DIRECTIONS FOR THIS TASK: Each line from the one containing "Kira Stunning House on Sell" through the last line of the data below should be printed exactly, please, with any pictures omitted.

INFORMATION PROVIDED:
* * * * *

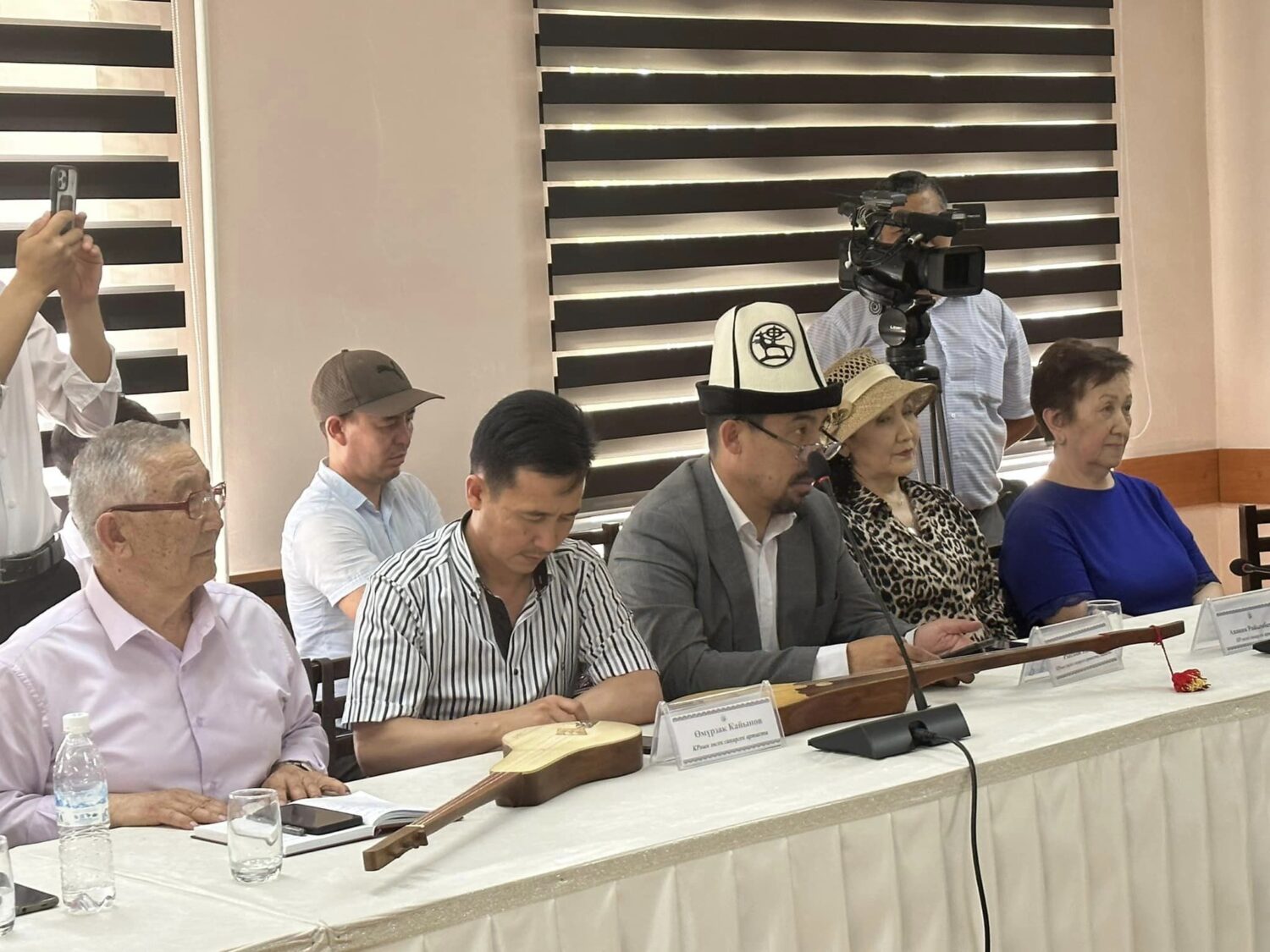 ЗАМИРБЕК ҮСӨНБАЕВГЕ АРДАКТУУ ПРОФЕССОР НААМЫ БЕРИЛДИ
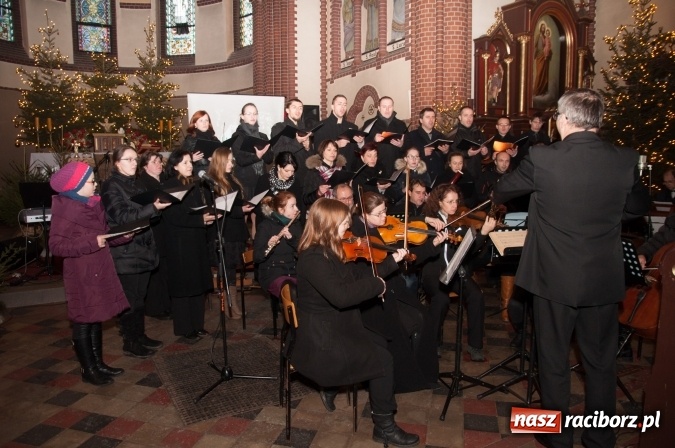 Zdjęcie w galerii na portalu naszraciborz.pl: O Dzieciątku po czesku i po polsku. Dziesiąte Kuźniańskie Kolędowanie wiadomości z regionu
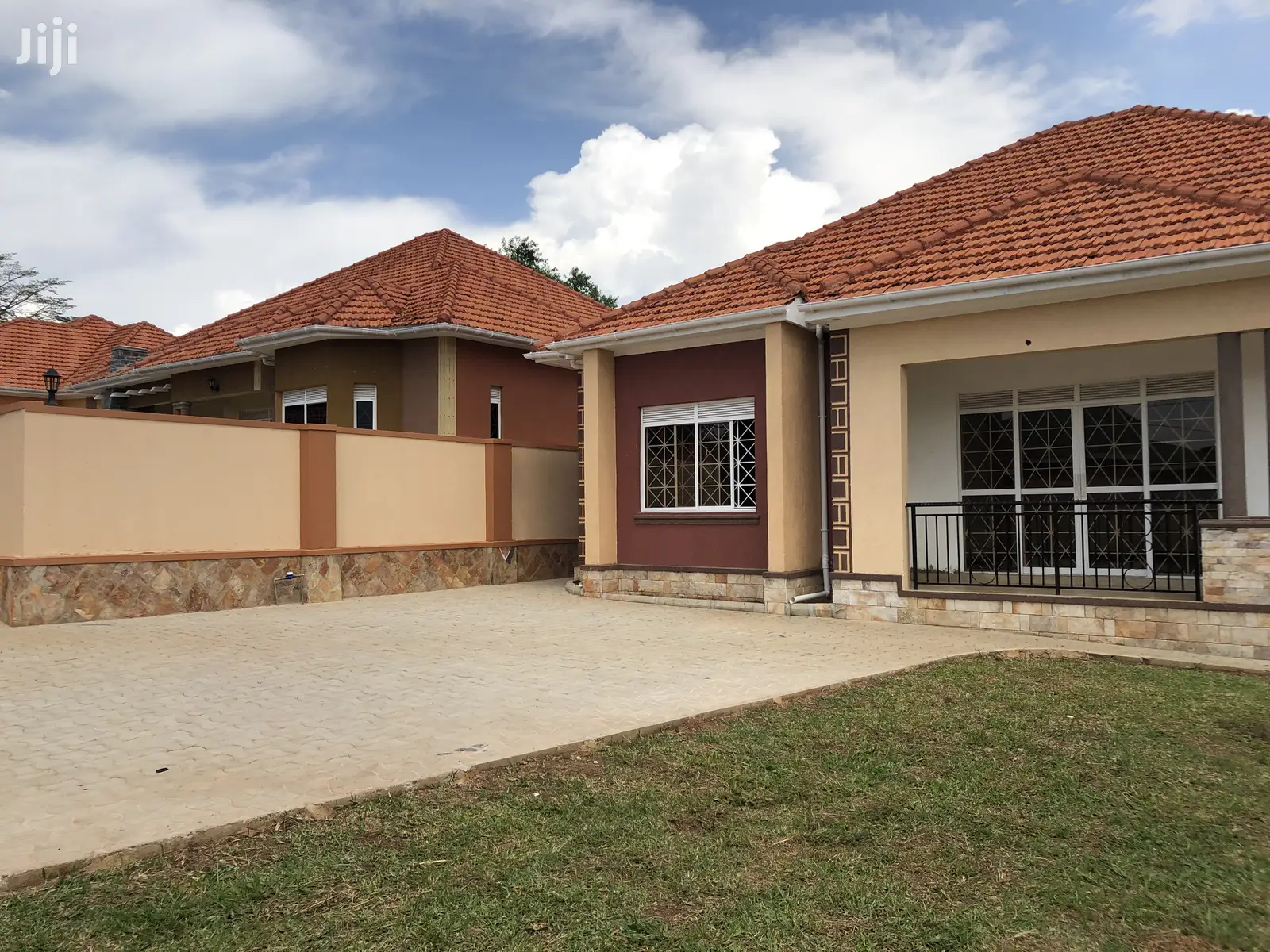Kira Stunning House on Sell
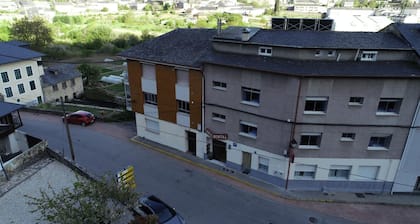 Hostal Cruce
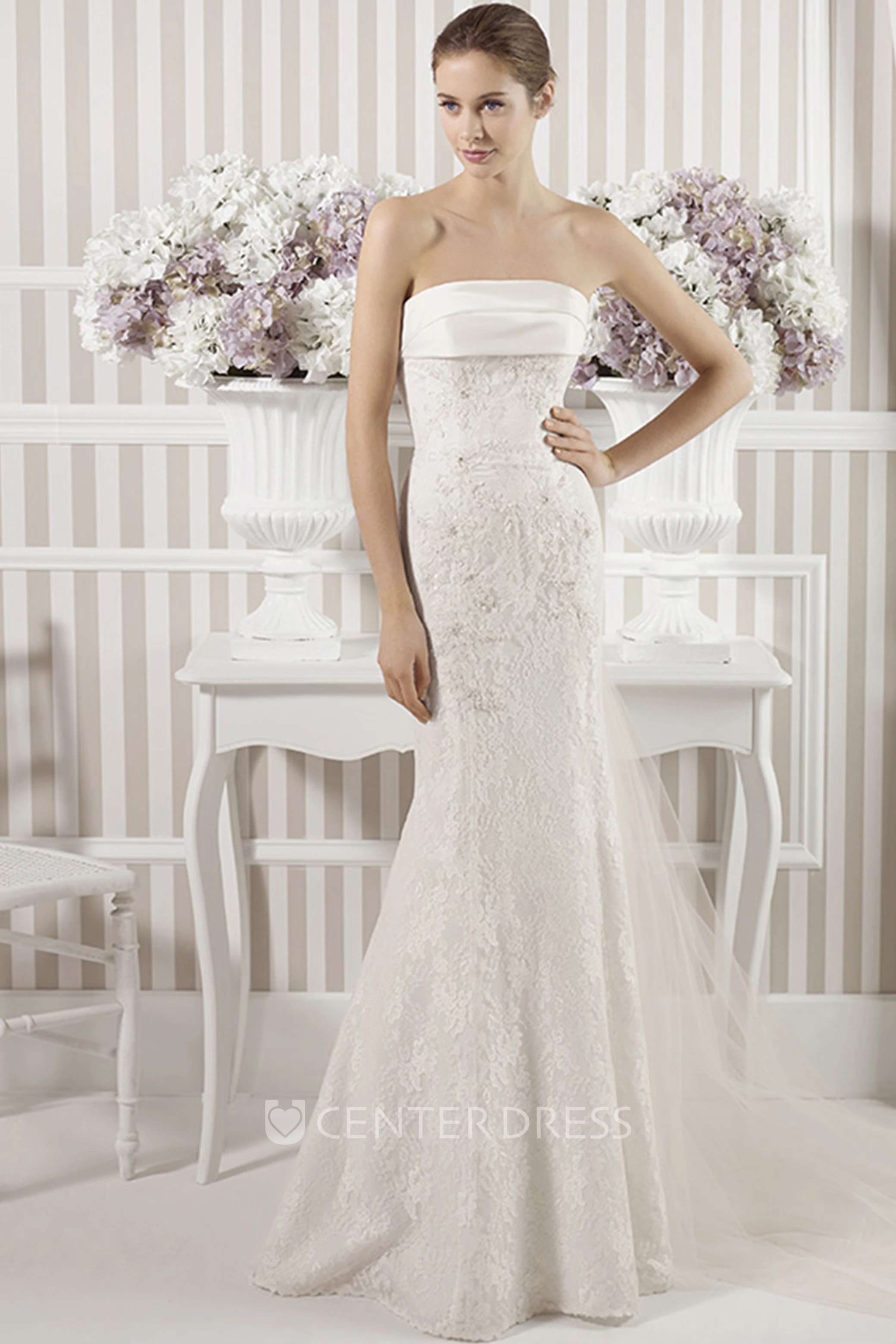 Sheath Maxi Strapless Appliqued Sleeveless Lace Wedding Dress With Sweep Train And Backless Style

* * * * *

RESPONSE TO THIS EXERCISE:
Kira Stunning House on Sell
 Hostal Cruce
 Sheath Maxi Strapless Appliqued Sleeveless Lace Wedding Dress With Sweep Train And Backless Style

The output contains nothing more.